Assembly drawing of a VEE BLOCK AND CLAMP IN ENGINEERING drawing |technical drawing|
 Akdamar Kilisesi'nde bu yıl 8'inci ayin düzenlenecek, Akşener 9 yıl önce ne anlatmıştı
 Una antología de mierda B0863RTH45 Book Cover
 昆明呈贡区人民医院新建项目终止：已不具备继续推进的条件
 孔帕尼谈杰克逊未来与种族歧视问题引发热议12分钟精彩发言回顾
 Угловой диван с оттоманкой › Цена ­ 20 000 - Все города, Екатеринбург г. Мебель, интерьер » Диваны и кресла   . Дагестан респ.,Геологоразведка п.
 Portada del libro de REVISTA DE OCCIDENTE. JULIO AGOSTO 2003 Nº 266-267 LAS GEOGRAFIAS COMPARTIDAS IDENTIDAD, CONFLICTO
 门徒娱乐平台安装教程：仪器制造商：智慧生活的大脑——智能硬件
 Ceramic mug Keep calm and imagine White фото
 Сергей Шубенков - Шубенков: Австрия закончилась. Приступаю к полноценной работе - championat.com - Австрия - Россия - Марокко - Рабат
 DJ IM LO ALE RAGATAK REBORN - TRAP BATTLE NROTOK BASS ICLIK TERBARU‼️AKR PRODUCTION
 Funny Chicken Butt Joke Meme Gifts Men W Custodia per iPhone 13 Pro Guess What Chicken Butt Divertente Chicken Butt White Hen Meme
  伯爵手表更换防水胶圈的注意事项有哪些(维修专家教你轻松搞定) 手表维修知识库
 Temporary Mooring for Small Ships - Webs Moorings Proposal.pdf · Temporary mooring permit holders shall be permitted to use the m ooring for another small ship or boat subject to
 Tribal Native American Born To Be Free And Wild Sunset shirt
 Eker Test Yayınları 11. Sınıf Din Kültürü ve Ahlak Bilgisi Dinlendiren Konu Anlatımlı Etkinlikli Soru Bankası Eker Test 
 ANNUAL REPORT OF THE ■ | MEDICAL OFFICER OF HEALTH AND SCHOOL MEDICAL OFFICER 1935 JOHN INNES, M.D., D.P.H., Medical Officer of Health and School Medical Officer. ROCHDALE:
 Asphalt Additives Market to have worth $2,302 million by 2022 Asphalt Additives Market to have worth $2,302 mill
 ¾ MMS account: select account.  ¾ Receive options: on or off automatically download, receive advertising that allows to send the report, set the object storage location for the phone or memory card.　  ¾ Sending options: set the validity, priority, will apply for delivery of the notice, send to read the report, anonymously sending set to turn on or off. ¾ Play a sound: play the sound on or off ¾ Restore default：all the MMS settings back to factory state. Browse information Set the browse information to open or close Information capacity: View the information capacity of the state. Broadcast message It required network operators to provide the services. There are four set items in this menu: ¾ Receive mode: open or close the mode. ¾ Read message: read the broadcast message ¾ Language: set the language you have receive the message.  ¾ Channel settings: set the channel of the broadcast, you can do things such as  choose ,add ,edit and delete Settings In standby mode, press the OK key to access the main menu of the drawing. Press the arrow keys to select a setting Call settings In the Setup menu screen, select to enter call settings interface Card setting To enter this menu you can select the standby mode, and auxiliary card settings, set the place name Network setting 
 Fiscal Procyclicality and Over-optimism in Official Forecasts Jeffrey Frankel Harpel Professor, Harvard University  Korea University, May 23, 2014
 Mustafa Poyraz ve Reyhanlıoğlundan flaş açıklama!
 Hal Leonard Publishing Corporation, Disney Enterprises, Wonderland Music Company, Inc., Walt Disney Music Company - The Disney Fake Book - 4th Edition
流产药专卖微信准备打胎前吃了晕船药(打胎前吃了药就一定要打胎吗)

§ Directions for this task
The required output is the exact run of lines from the beginning of the records to the line with "Сергей Шубенков - Шубенков: Австрия", that line included.

§ Completed exercise
Assembly drawing of a VEE BLOCK AND CLAMP IN ENGINEERING drawing |technical drawing|
 Akdamar Kilisesi'nde bu yıl 8'inci ayin düzenlenecek, Akşener 9 yıl önce ne anlatmıştı
 Una antología de mierda B0863RTH45 Book Cover
 昆明呈贡区人民医院新建项目终止：已不具备继续推进的条件
 孔帕尼谈杰克逊未来与种族歧视问题引发热议12分钟精彩发言回顾
 Угловой диван с оттоманкой › Цена ­ 20 000 - Все города, Екатеринбург г. Мебель, интерьер » Диваны и кресла   . Дагестан респ.,Геологоразведка п.
 Portada del libro de REVISTA DE OCCIDENTE. JULIO AGOSTO 2003 Nº 266-267 LAS GEOGRAFIAS COMPARTIDAS IDENTIDAD, CONFLICTO
 门徒娱乐平台安装教程：仪器制造商：智慧生活的大脑——智能硬件
 Ceramic mug Keep calm and imagine White фото
 Сергей Шубенков - Шубенков: Австрия закончилась. Приступаю к полноценной работе - championat.com - Австрия - Россия - Марокко - Рабат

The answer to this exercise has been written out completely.